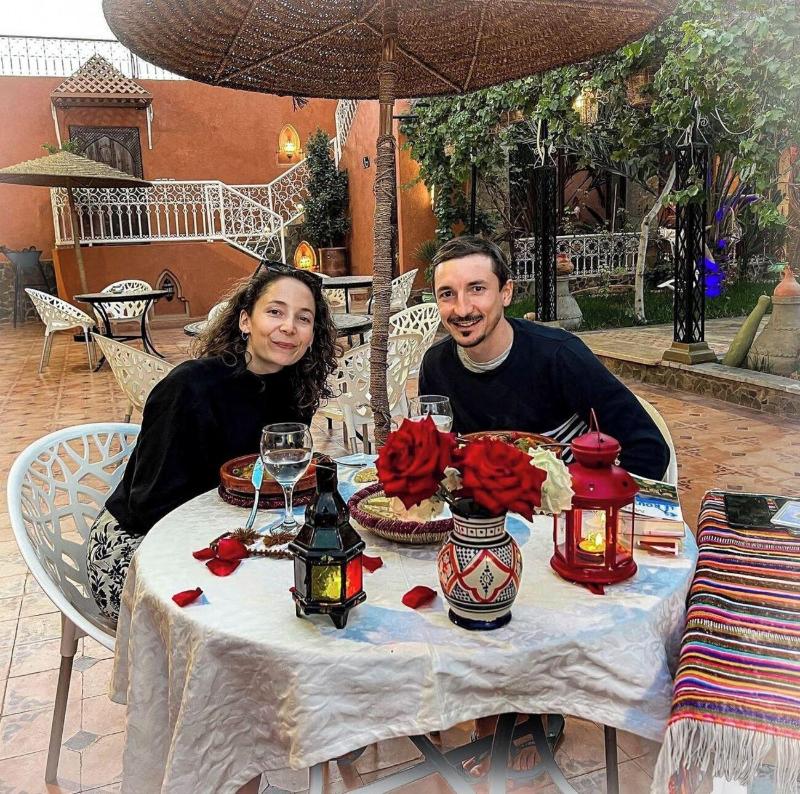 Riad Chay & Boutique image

--

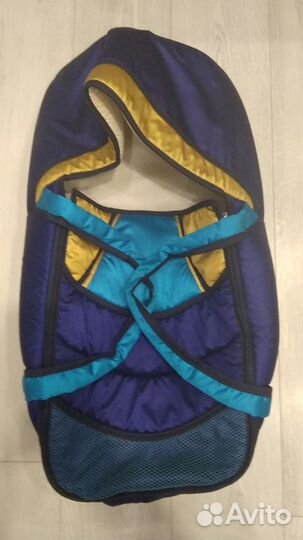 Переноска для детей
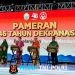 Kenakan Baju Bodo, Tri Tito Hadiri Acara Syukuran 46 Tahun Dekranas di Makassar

* [Work to complete]:
The answer should consist only of the lines above from the one with "Переноска для детей" through the one with "Kenakan Baju Bodo, Tri", repeated exactly, with no pictures among them.

* [Answer to the problem]:
 Переноска для детей
 Kenakan Baju Bodo, Tri Tito Hadiri Acara Syukuran 46 Tahun Dekranas di Makassar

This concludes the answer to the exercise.